Second. The authorization for the making of this Second Amended and Restated Certificate
of Incorporation (this Second Amended and Restated Certificate) is contained in that certain
Confirmation Order, entered May 11, 2011, of the United States Bankruptcy Court for the District of
Delaware, which has jurisdiction over the reorganization proceedings of the Corporation pursuant to
Chapter 11 of Title 11 of the United States Code, confirming the Corporations Second Amended Joint
Plan of Liquidation for Guaranty Financial Group, et al., Under Chapter 11 of the United States
Bankruptcy Code in the case styled In re Guaranty Financial Group Inc., et al., (Jointly
Administered under Case No. 09-35582-bjh), and all agreements validly entered into in connection
therewith (collectively, the Plan).
Third. This Second Amended and Restated Certificate restates and integrates and further
amends the Amended and Restated Certificate as heretofore amended or supplemented.

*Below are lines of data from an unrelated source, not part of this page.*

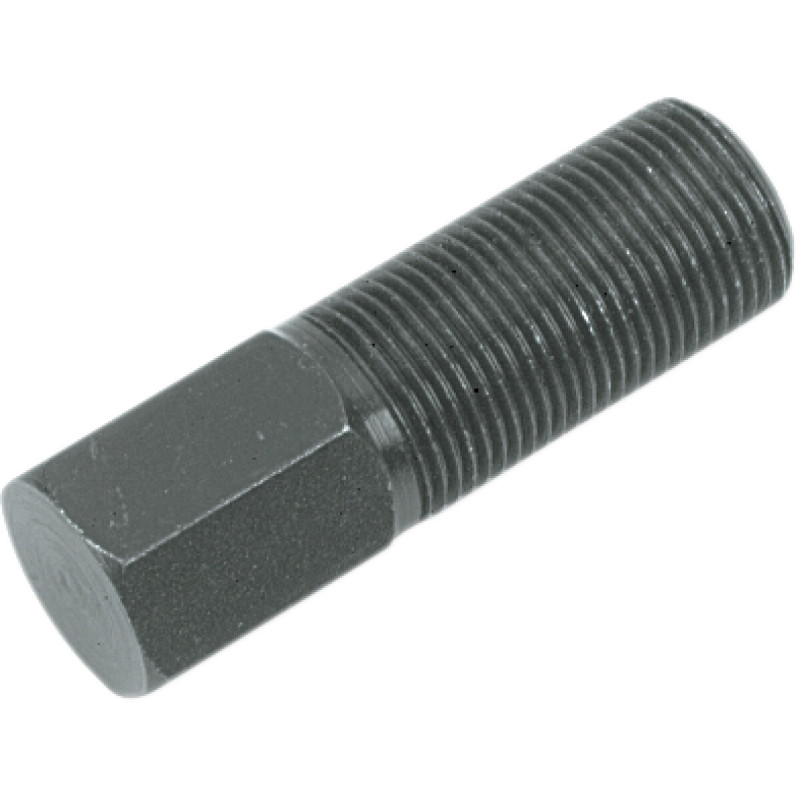 Arrache Volant d’allumage pour Suzuki GSXR 1000 (01-15)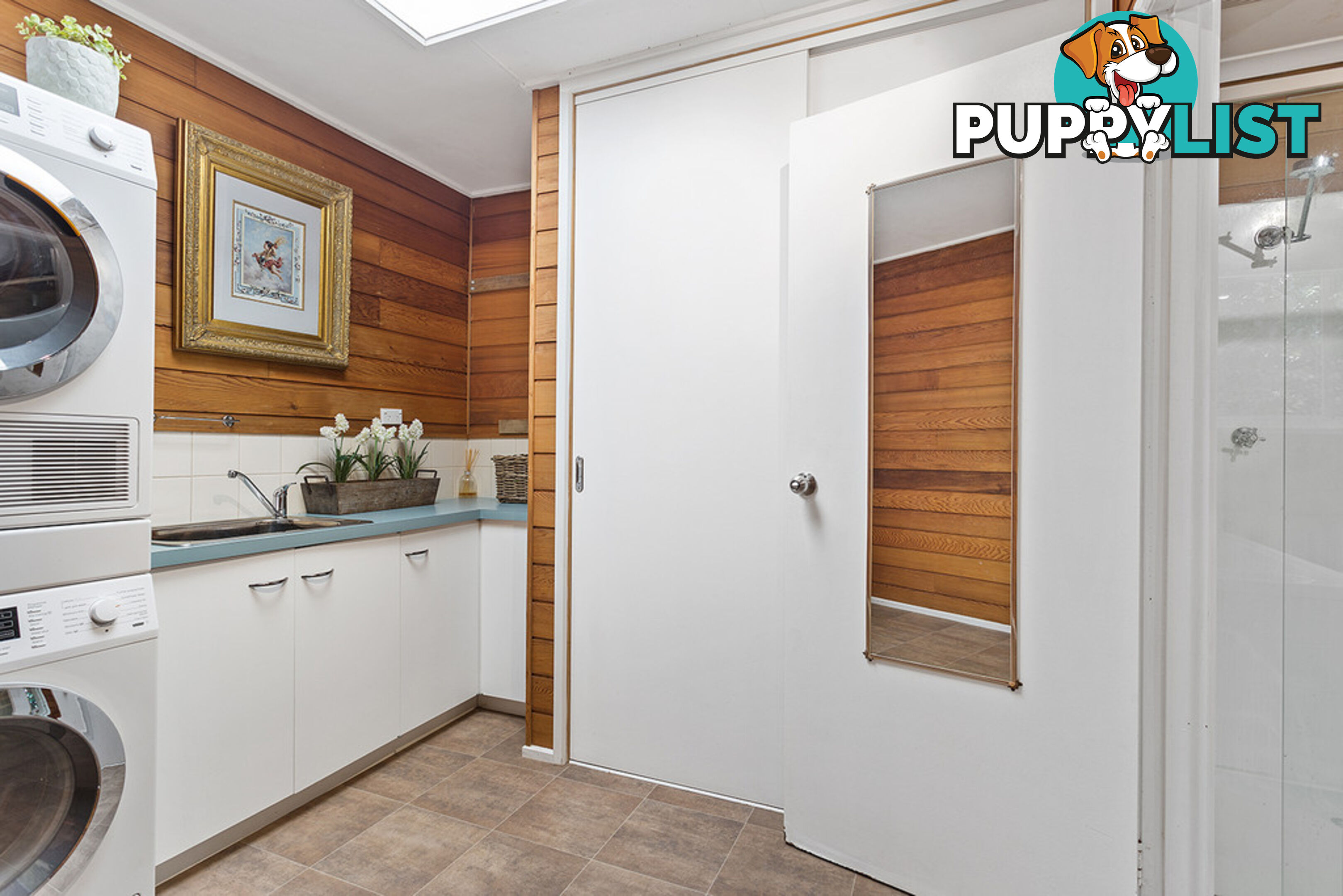 100 SAWYER ROAD NEERIM SOUTH VIC 3831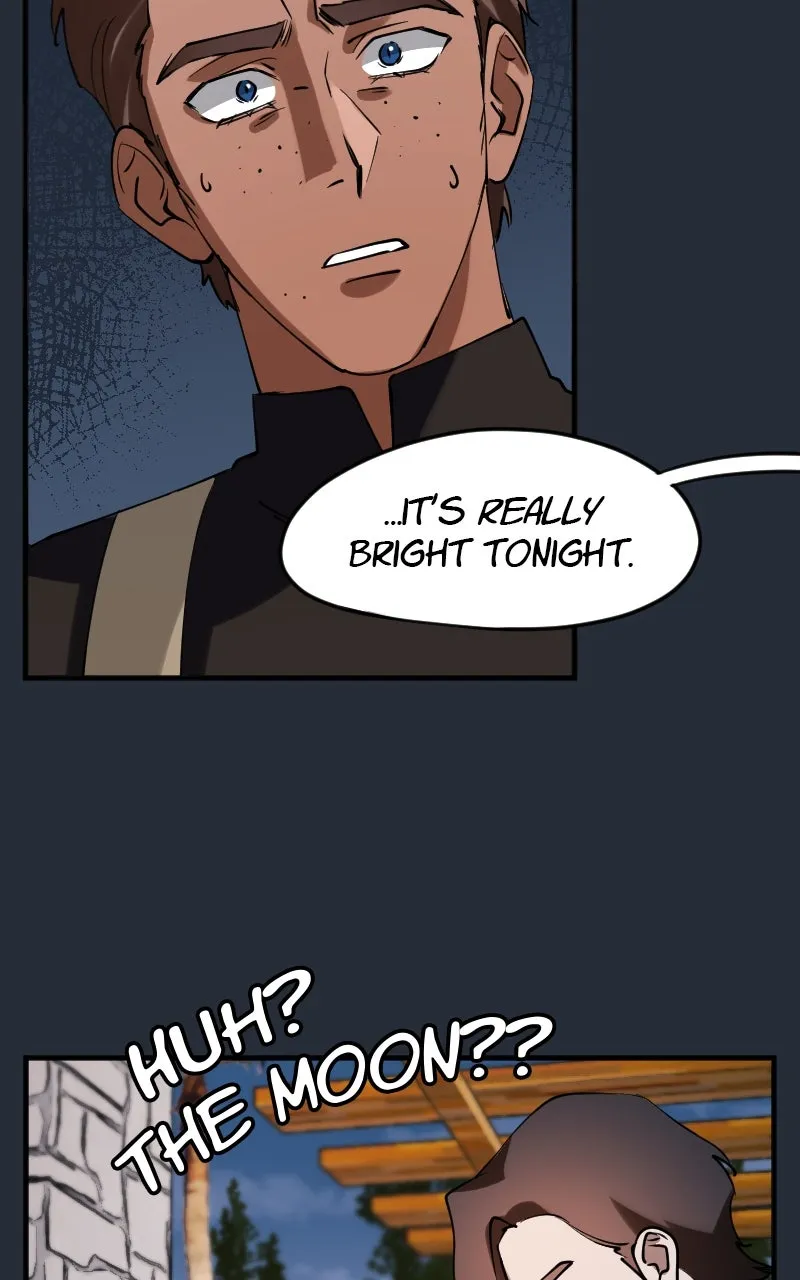 Love Bites Chapter 26 page 24 - 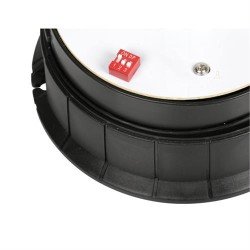 ΦΑΡΟΣ RL-5 12V/24V 3 ΧΡΗΣΕΩΝ (ΠΟΡΤΟΚΑΛΙ/ΒΙΔΩΤΟΣ - 140 Χ 150 mm)-Lampa-L7299.8 ΦΑΡΟΣ RL-5 12V/24V 3 ΧΡΗΣΕΩΝ (ΠΟΡΤΟΚΑΛΙ/ΒΙΔΩΤΟΣ - 140 Χ 150 mm)-Lampa-L7299.8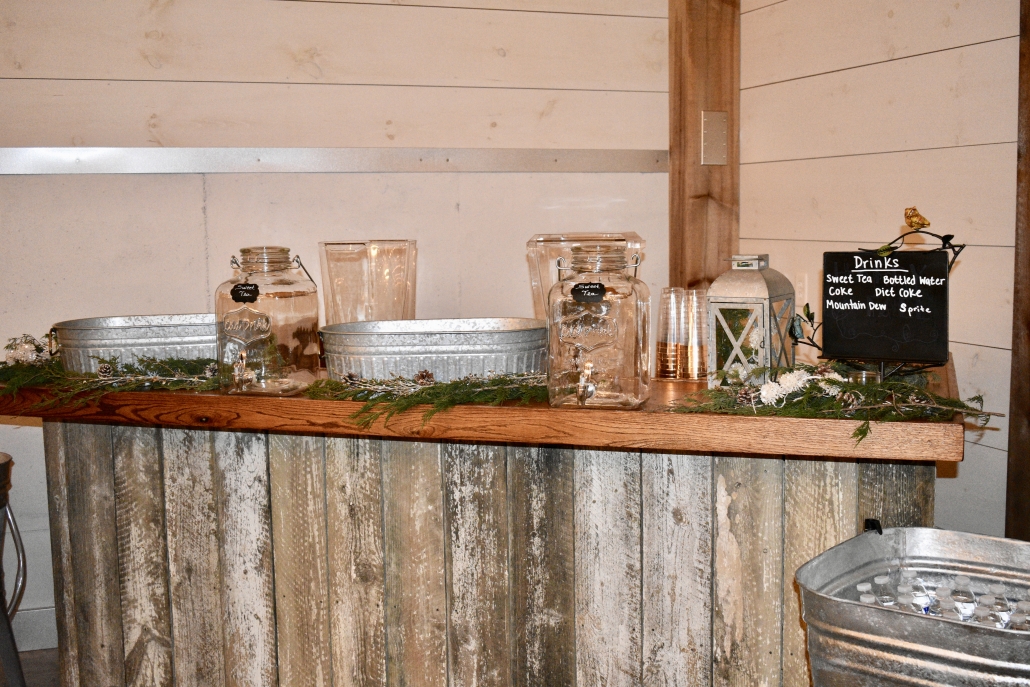 Frieden Farms — photo 4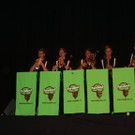 IMG_6655_JPG-1365333164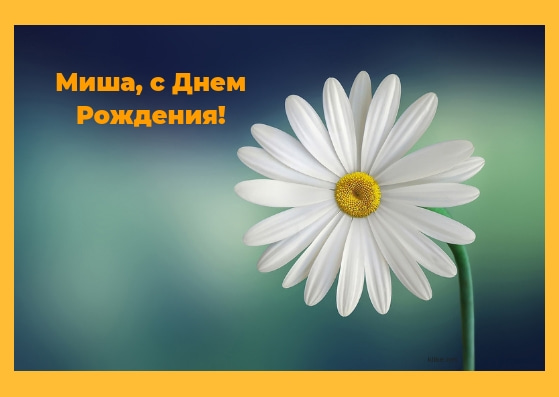 Открытки Скачать бесплатно открытки с мужскими именами. С днём рождения Михаил открытки. Открытки с именем Миша. Красивые открытки с именем Михаил. Именные открытки gif. Открытки с именем Михаил скачать бесплатно. Анимационные открытки с именами. Открытки с именем Михаил. 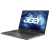 Фото товара Ноутбук Acer Extensa 15 EX215-55-35Y8 (NX.EGYEU.02H) Steel Gray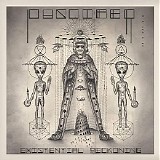 Puscifer - Existential Reckoning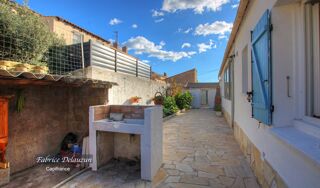  Maison � vendre 4 pi�ces 98 m�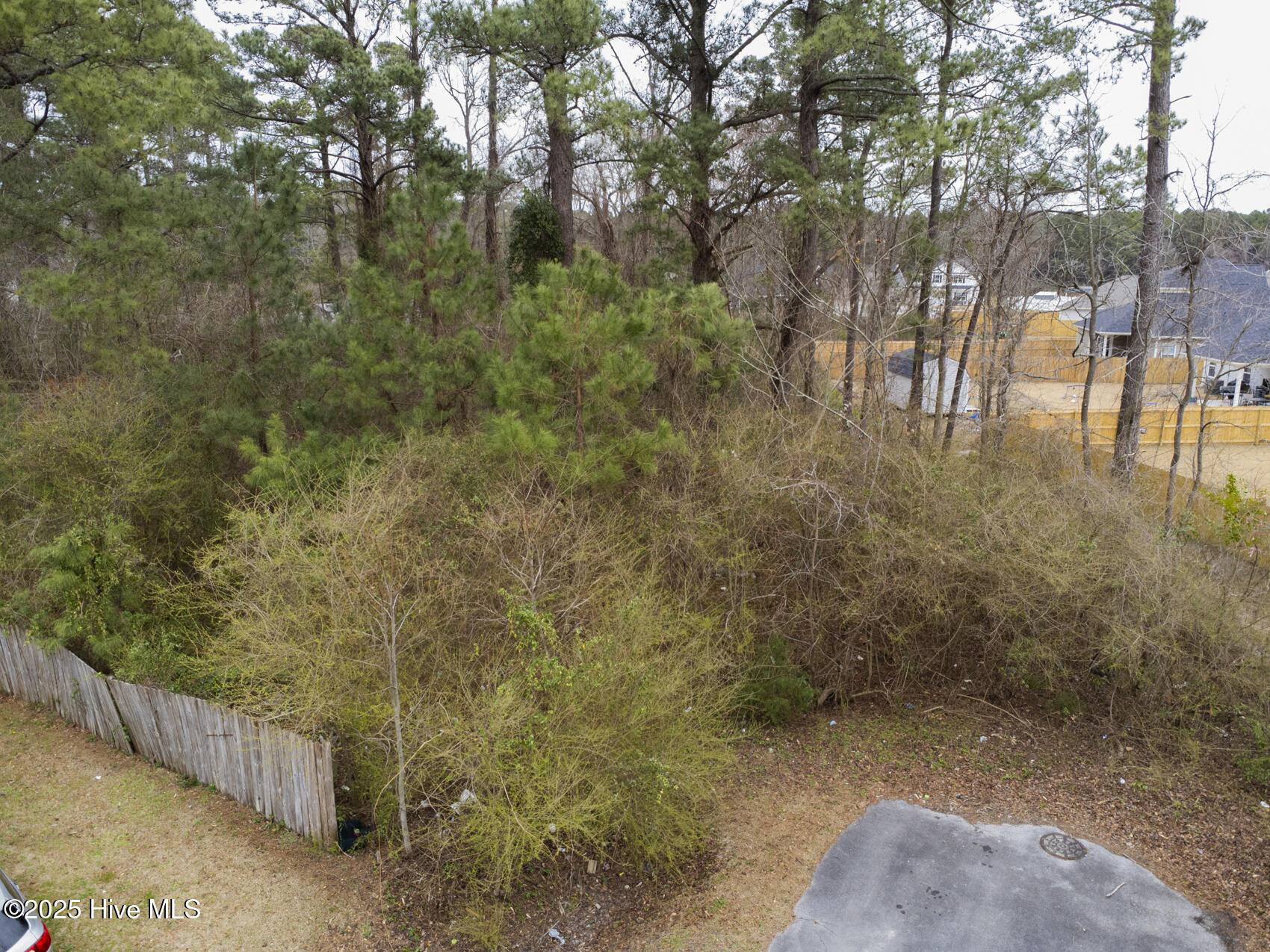 111 West Bostic Road Richlands, NC 28574 - Photo 12 of 13 bostic-12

Fourth. The text of the Amended and Restated Certificate is hereby amended and restated in
its entirety as follows:
ARTICLE I
The name of the Corporation is Guaranty Financial Group Inc.
ARTICLE II
The address of the Corporations registered office in the State of Delaware is 2711
Centerville Road, Suite 400, in the city of Wilmington, County of New Castle. The name of the
Corporations registered agent at such address is Corporation Service Company.
ARTICLE III
The nature of the business of the Corporation and the objects and purposes proposed to be
transacted, promoted and carried on by it are to engage in any lawful act or activity as may be
required to implement the purpose and intent of or as may be authorized under the Plan, as the same
may be amended from time to time, and any lawful act or activity reasonably incidental thereto.
- 1 -
ARTICLE IV
1. Authorized Number of Shares. The total number of shares of stock that the
Corporation shall have the authority to issue is one share, consisting of one share of common
stock, par value $0.01 per share (the Common Stock), ownership of which shall be limited to the
Liquidation Trustee (as such term is described in the Plan).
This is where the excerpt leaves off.